Grand Master Gottfried von Hohenlohe ... heard what difficulties the arrogant Rigans were inflicting on the brothers, he sent Brühaven with a big force of brothers and armed men to Livonia to help and protect the brothers.... When Brühaven had arrived from Prussia with his army he joined all the Livonians with their arms and together they turned against the people, besieging Neuermühlen on the feast day of the Apostles St Peter and St Paul and beginning a ferocious battle which saved Neuermühlen from further harm and created many widows in the town of Riga.... [T]he brothers hacked at and killed ... more than 4,000 besides those who barely escaped with serious wounds.

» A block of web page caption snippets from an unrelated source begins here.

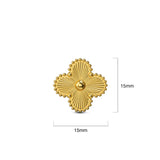 18k Gold Clover Earrings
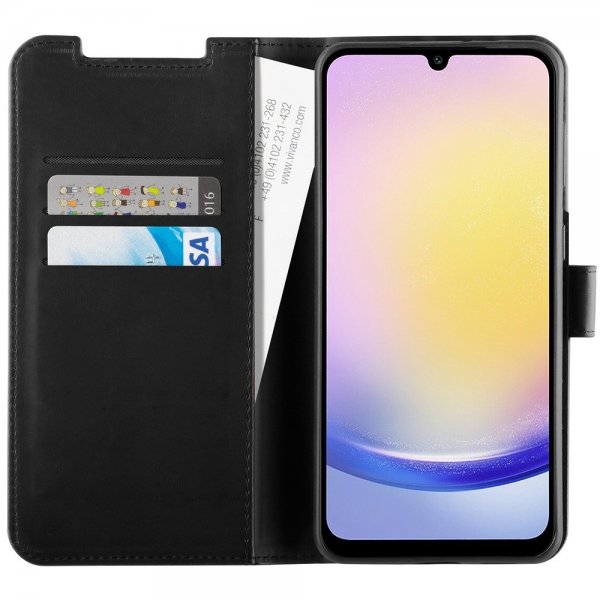 Vivanco Samsung Galaxy A25 Fodral Classic Wallet Svart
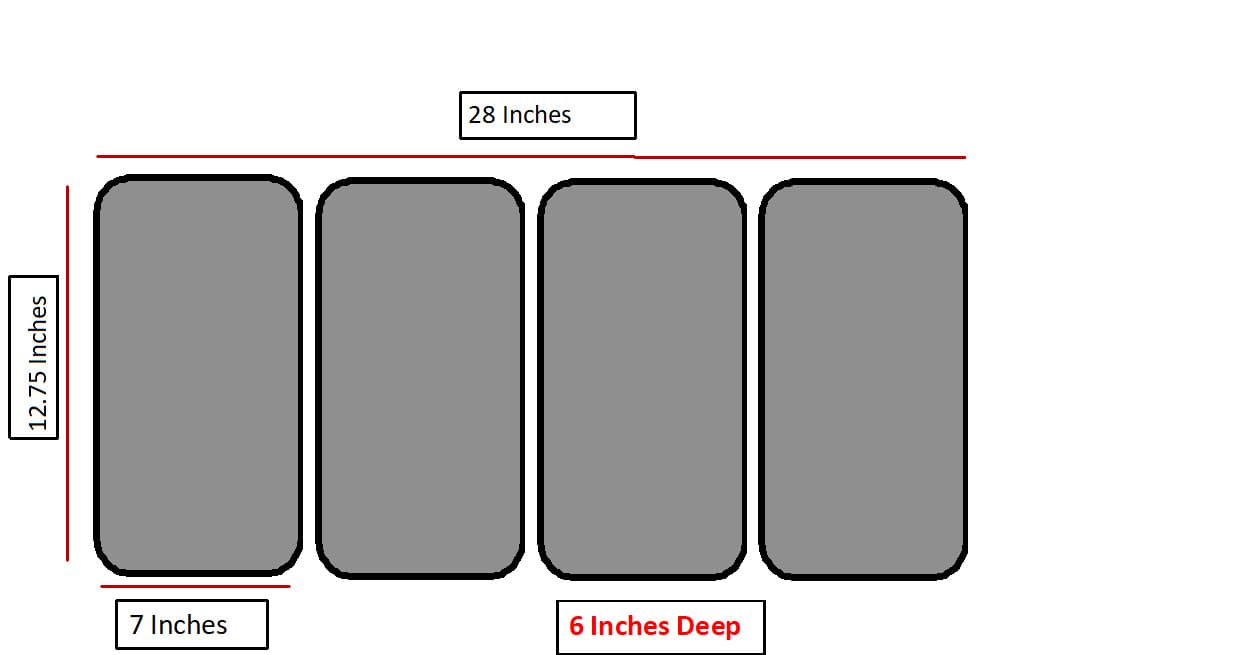 Portable Concession Sink 4 Compartment Sink NEW- Silver (FREE 30 DAY RETURNS!) 2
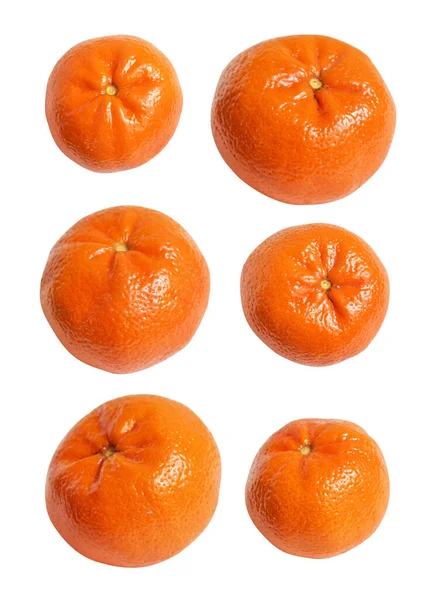 Mandarynkowa Pomarańcza Izolowana Ścieżką Wycinania Białym Tle Bez Cienia Zdrowe — Zdjęcie stockowe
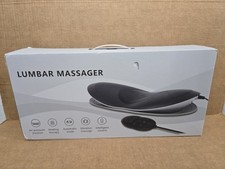 Electric Lumbar Traction Device with Heat Back Massager Stretcher Sciatica Relie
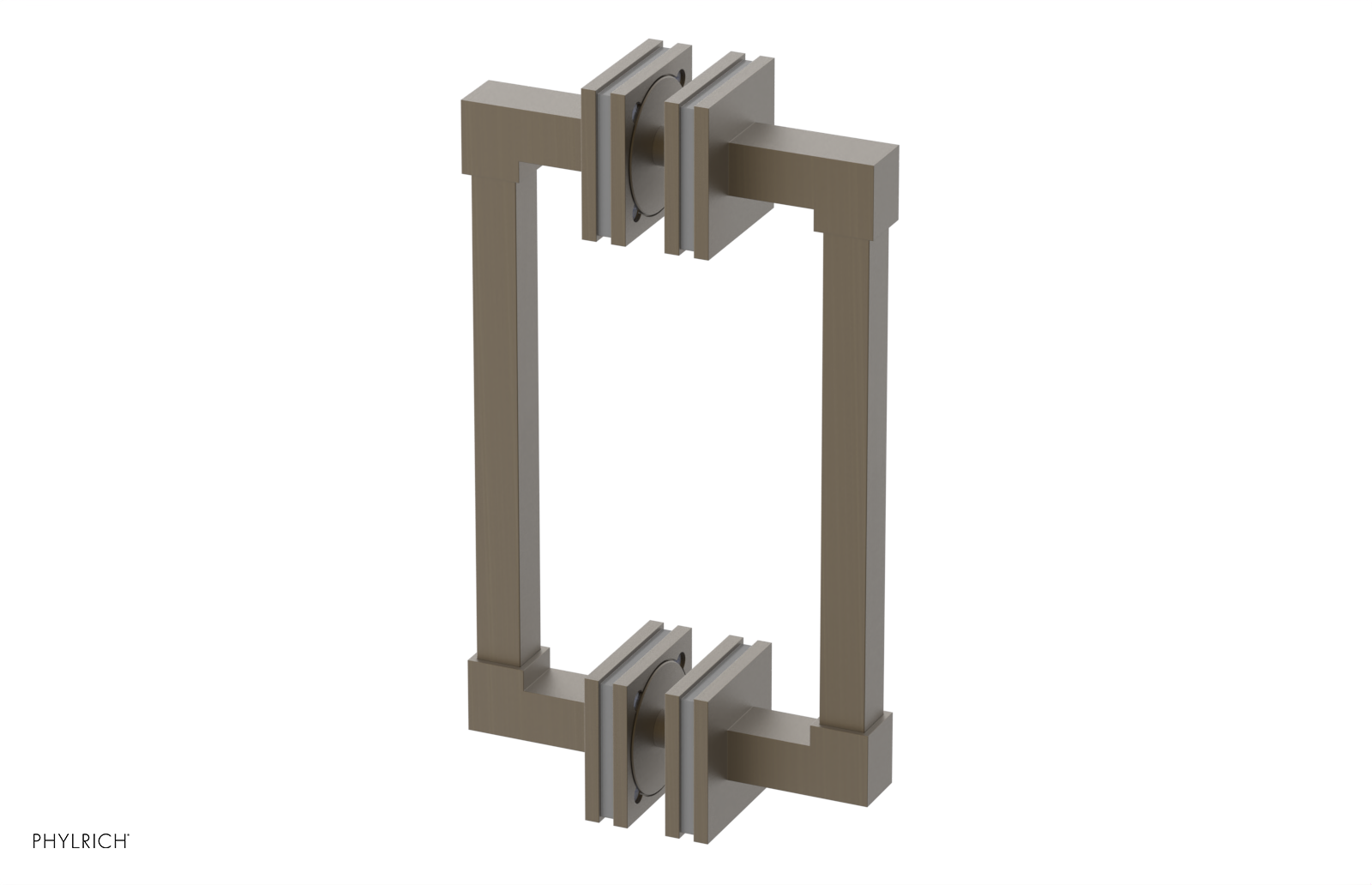 JOLIE - 8" Double Sided Shower Pull with "Grey" Accents 222S-93-08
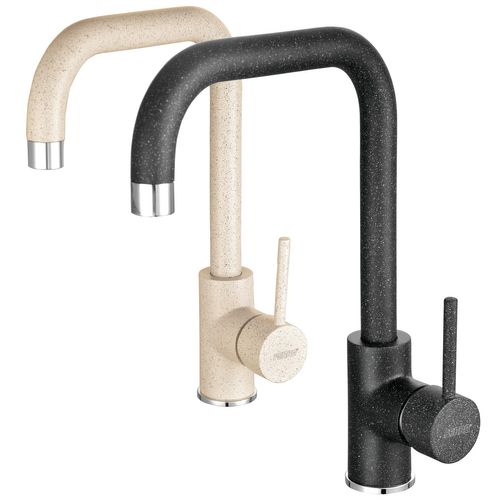 Robinet Mitigeur Évier Bec En L Rotatif Freya Noir Graphite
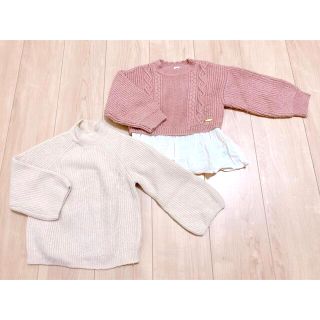 ザラ(ZARA)のこな5759様　ニット2点セット　アプレレクール　ザラ　90 100(ニット)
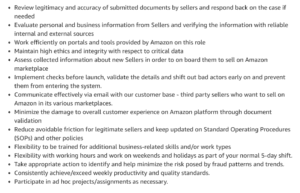 Amazon Investigation New Job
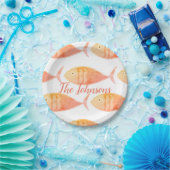 Papierplatte der Lachs-Gruppe Pappteller (Party)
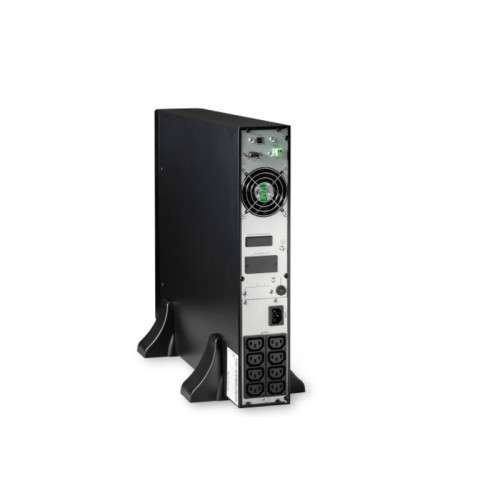 ИБП Ермак Онлайн стоечный 2U, 1500 ВА/1500 Вт, 8xIEC C13, EPO, USB, RS-232, 3x9Ач, ШхГхВ 440х460х86.5мм., вес 16кг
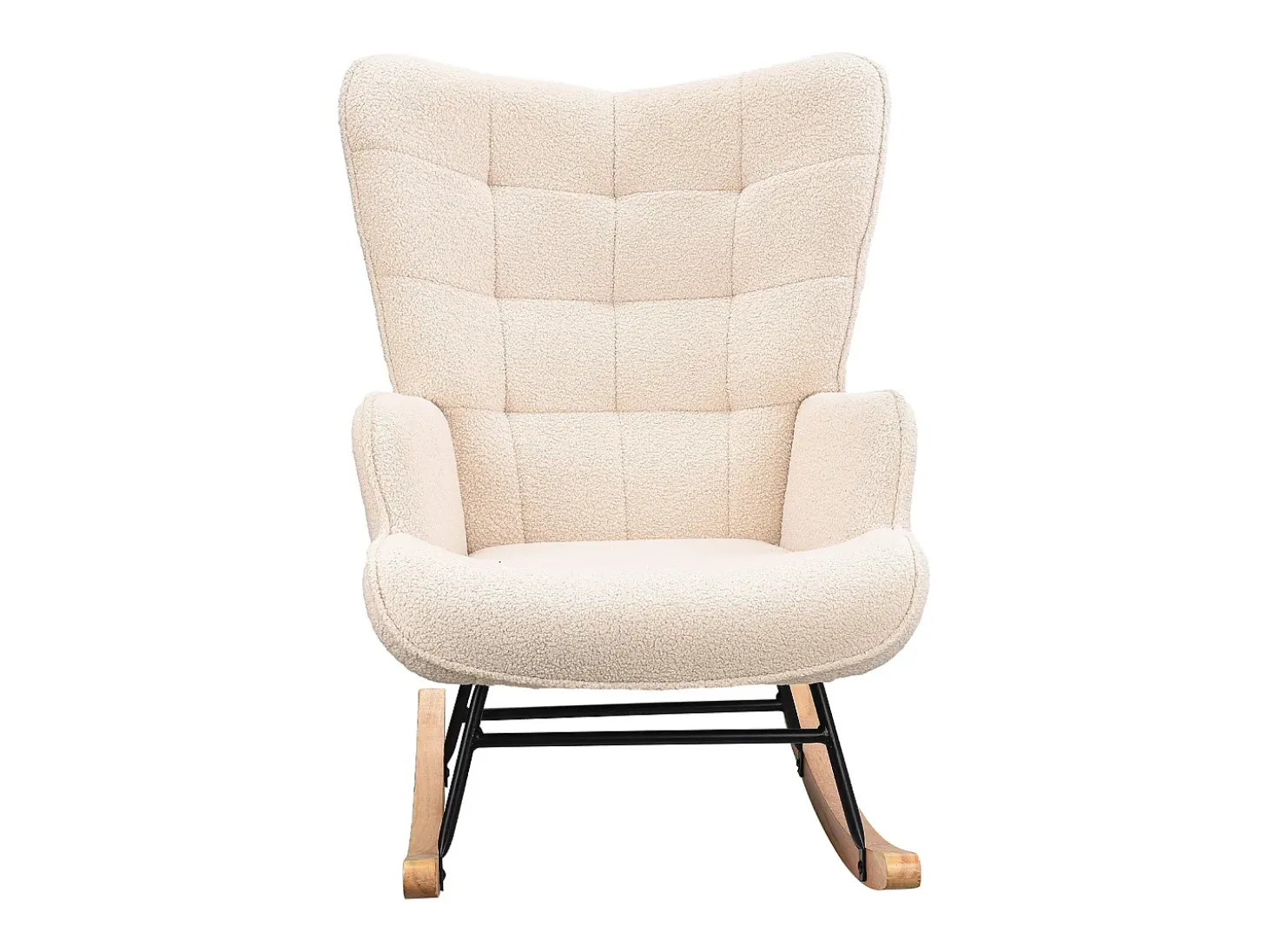 Cadeira de balanço para adultos - Cadeira de balanço ergonômica para áreas externas - para sala de estar - Bege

Being the Komtur of Königsberg, Bertold Brühaven was wondering if he could to keep the vow of Clerical celibacy he took when he joined the Order. Hence, he decided to test himself. As the abovementioned chronicles both by Peter of Dusburg and Nikolaus von Jeroschin go,

After long consideration, he decided that poverty and obedience were tolerable, but chastity terrified him, because no-one can ever live chastely unless God makes it possible. He decided to find out in advance whether he would be capable of withstanding this way of life; he tried an amazing experiment with temptation. He chose a gentle, well brought-up young girl, whose beauty was unequalled in that region, and he lay naked in bed with her virtually every night. This went on for a full year and yet, as the girl later swore on oath, and as was proved by the physical signs of her virginity, he had not deflowered her or ever treated her immodestly, but had left her as he found her. These events are wonderful and miraculous. God gave Samson great strength, King David holiness, Solomon wisdom, but that was not enough to save them in their day: they were defeated by feminine wiles which made them do evil and laid them low. This brother, however, freely sought out the company of a woman and yet abstained from sinful contact with her. For this reason, if I dared, I would say that he was holier than David, much stronger than Samson and much wiser than Solomon in his conduct and worthy of great praise.